Goal of the exercise: A verbatim restatement of the data, free of pictures, is what you should output.

Data:
-- Opening Marker --
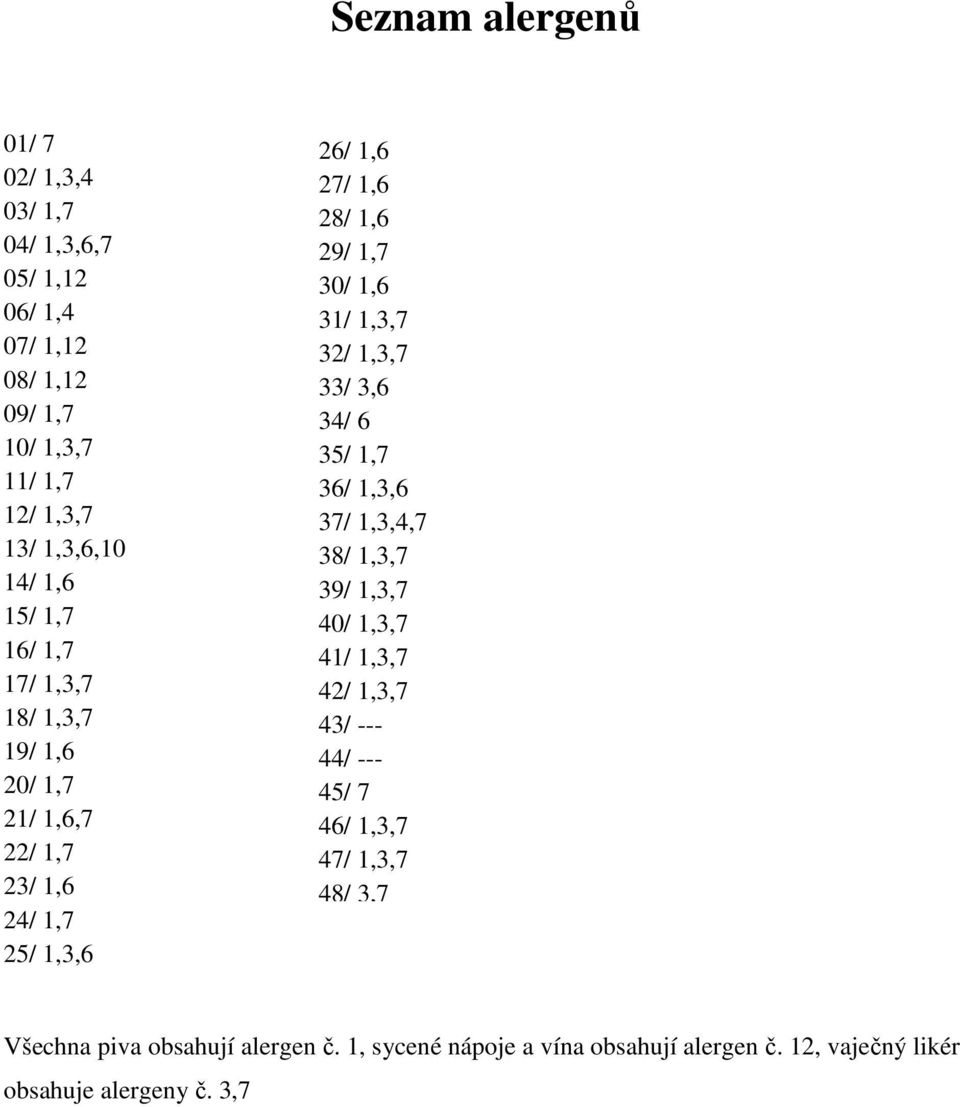 31/ 1,3,7 32/ 1,3,7 33/ 3,6 34/ 6 35/ 1,7 36/ 1,3,6 37/ 1,3,4,7 38/ 1,3,7 39/ 1,3,7 40/ 1,3,7 41/ 1,3,7 42/ 1,3,7 43/ --- 44/ --- 45/ 7 46/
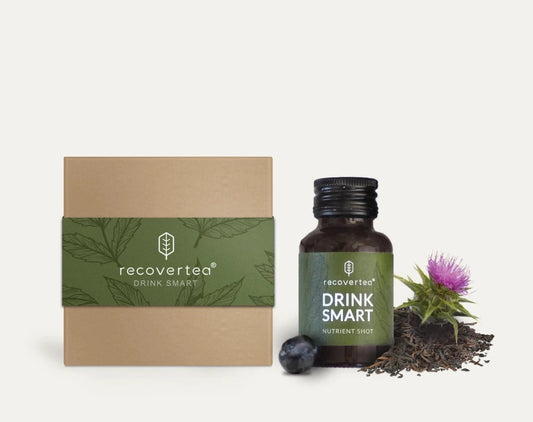 Recovertea 2er-Geschenkbox und zusätzlicher Flasche zur Darstellung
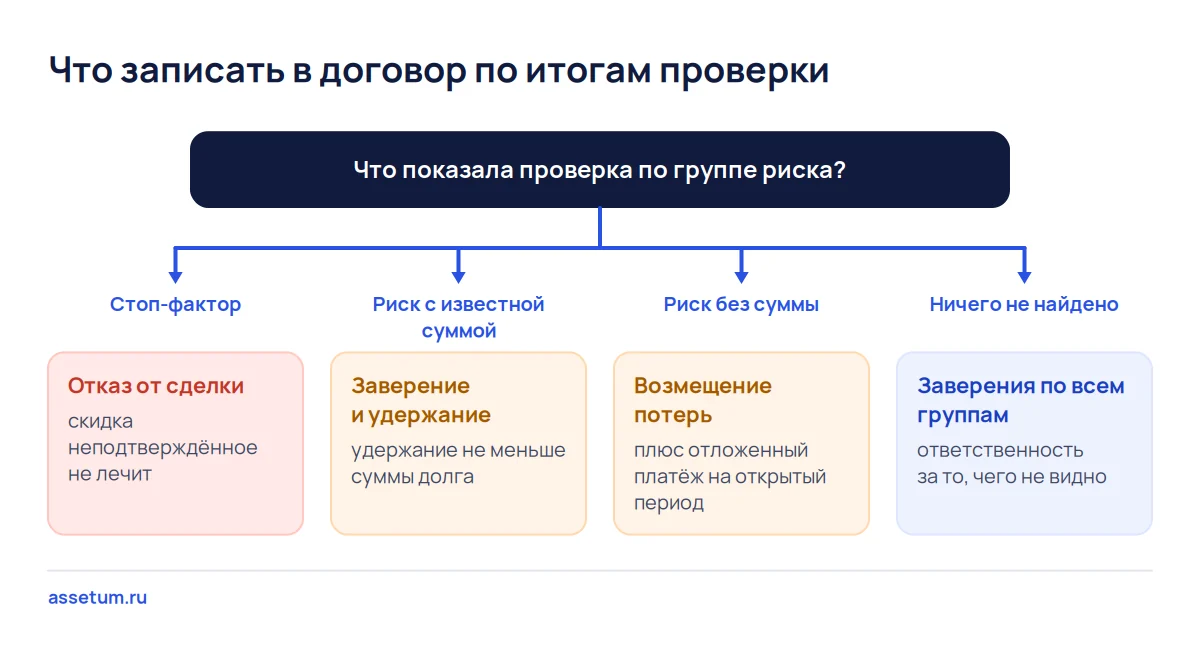 Дерево решений по находкам проверки бизнеса: отказ, заверение с удержанием, возмещение потерь или заверения по всем группам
-- Closing Marker --
Written response:
 31/ 1,3,7 32/ 1,3,7 33/ 3,6 34/ 6 35/ 1,7 36/ 1,3,6 37/ 1,3,4,7 38/ 1,3,7 39/ 1,3,7 40/ 1,3,7 41/ 1,3,7 42/ 1,3,7 43/ --- 44/ --- 45/ 7 46/
 Recovertea 2er-Geschenkbox und zusätzlicher Flasche zur Darstellung
 Дерево решений по находкам проверки бизнеса: отказ, заверение с удержанием, возмещение потерь или заверения по всем группам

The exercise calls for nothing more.